Reference Architecture

Client
  |
  v
API Gateway
  |
  +--------------------+
  |                    |
Product Metadata DB   Search Engine
  |                    |
Cache Layer <---------+
  |
Bulk Import/Export Service
  |
Background Job Processor (sync to Search)

Components

API Gateway

RESTful API server (e.g., Node.js/Express, Spring Boot)

Handles client requests, routes to appropriate services, enforces rate limiting

Product Metadata Database

Relational DB (PostgreSQL) or NoSQL (MongoDB)

Stores product details, categories, and attributes

Search Engine

Elasticsearch

Provides fast search and filtering capabilities

Cache Layer

Redis

Caches frequently accessed product data to reduce DB load

Bulk Import/Export Service

Batch processing system (e.g., Python scripts, AWS Lambda)

Handles large scale product data uploads and downloads

Background Job Processor

Message queue + worker (e.g., RabbitMQ + Celery)
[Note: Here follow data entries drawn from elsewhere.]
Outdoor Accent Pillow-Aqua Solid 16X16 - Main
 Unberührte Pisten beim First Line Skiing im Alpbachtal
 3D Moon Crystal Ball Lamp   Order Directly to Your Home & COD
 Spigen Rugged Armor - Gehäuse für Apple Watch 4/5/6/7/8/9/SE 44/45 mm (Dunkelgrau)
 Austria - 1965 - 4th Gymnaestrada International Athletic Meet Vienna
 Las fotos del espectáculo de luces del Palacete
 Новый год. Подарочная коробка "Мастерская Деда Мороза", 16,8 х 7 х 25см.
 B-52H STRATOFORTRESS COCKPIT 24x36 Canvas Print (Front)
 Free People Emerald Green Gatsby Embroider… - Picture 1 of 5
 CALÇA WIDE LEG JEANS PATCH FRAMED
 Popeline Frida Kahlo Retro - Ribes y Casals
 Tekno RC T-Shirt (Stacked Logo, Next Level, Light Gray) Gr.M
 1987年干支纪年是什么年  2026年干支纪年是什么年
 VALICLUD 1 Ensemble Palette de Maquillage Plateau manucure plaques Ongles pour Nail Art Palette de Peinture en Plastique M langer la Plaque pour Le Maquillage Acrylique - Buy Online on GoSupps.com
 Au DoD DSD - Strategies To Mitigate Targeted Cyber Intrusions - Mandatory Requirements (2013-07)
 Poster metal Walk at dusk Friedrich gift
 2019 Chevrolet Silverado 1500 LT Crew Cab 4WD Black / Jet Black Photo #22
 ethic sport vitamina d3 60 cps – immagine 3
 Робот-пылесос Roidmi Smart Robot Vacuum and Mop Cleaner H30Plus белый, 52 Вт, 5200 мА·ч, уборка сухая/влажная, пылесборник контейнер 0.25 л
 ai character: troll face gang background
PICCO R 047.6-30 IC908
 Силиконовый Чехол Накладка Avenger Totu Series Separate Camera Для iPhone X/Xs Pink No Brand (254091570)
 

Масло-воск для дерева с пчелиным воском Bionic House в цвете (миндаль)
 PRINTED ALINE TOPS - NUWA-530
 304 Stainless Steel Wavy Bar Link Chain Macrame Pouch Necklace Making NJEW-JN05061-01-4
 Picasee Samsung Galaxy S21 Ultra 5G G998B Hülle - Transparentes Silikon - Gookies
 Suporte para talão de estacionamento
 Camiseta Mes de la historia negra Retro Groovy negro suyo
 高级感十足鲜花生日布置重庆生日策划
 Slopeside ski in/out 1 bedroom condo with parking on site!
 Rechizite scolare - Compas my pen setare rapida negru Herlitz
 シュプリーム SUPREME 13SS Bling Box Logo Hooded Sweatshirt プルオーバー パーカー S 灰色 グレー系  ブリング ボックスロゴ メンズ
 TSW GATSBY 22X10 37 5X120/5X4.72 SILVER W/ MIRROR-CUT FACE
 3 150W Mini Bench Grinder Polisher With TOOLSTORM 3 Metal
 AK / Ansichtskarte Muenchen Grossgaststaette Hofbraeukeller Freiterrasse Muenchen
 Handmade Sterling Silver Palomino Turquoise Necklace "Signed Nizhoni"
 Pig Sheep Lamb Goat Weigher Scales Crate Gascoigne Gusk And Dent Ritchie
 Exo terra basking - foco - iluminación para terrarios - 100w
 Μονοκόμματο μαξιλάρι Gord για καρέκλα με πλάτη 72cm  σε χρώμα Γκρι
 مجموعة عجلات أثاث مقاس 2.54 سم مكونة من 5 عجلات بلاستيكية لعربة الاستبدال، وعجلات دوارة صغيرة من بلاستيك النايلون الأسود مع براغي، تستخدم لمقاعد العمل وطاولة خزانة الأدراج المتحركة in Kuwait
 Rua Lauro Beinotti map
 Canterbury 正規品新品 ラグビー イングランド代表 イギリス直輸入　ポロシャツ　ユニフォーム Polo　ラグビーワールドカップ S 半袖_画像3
Syncs product updates from DB to search engine asynchronously

Request Flow

1. Client sends product search request to API Gateway

2. API Gateway checks Cache Layer for results

3. If cache miss, API Gateway queries Search Engine

4. Search Engine returns matching product IDs

5. API Gateway fetches product details from Product Metadata DB or Cache

6. API Gateway returns product data to client

7. For product updates, API Gateway writes to Product Metadata DB

8. Background Job Processor reads DB changes and updates Search Engine asynchronously

9. Bulk import service writes product data to Product Metadata DB in batches

Database Schema

Entities: - Product (id PK, name, description, price, brand, category_id FK, attributes JSONB, created_at, updated_at) - Category (id PK, name, parent_category_id FK nullable) - ProductImage (id PK, product_id FK, image_url, alt_text) Relationships: - One Category can have many Products (1:N) - One Product can have many ProductImages (1:N) - Categories can have hierarchical parent-child relationship (self-referencing FK)

Scaling Discussion

Bottlenecks

Database read load increases with product queries

Search Engine indexing delays with frequent updates

Cache invalidation complexity with product updates

Bulk import causing DB performance degradation

Solutions

Use read replicas for the database to distribute read traffic

Implement incremental and batched indexing for search engine

Use cache expiration and event-driven cache invalidation

Throttle bulk import jobs and run during off-peak hours

Interview Tips

Time: 10 minutes for requirements and clarifications, 15 minutes for architecture and data flow, 10 minutes for scaling and trade-offs, 10 minutes for Q&A

Clarify functional and non-functional requirements upfront

Explain choice of database and search engine clearly

Describe how caching improves performance

Discuss eventual consistency trade-offs for search index

Highlight scalability strategies and bottleneck mitigation

Mention API design considerations and error handling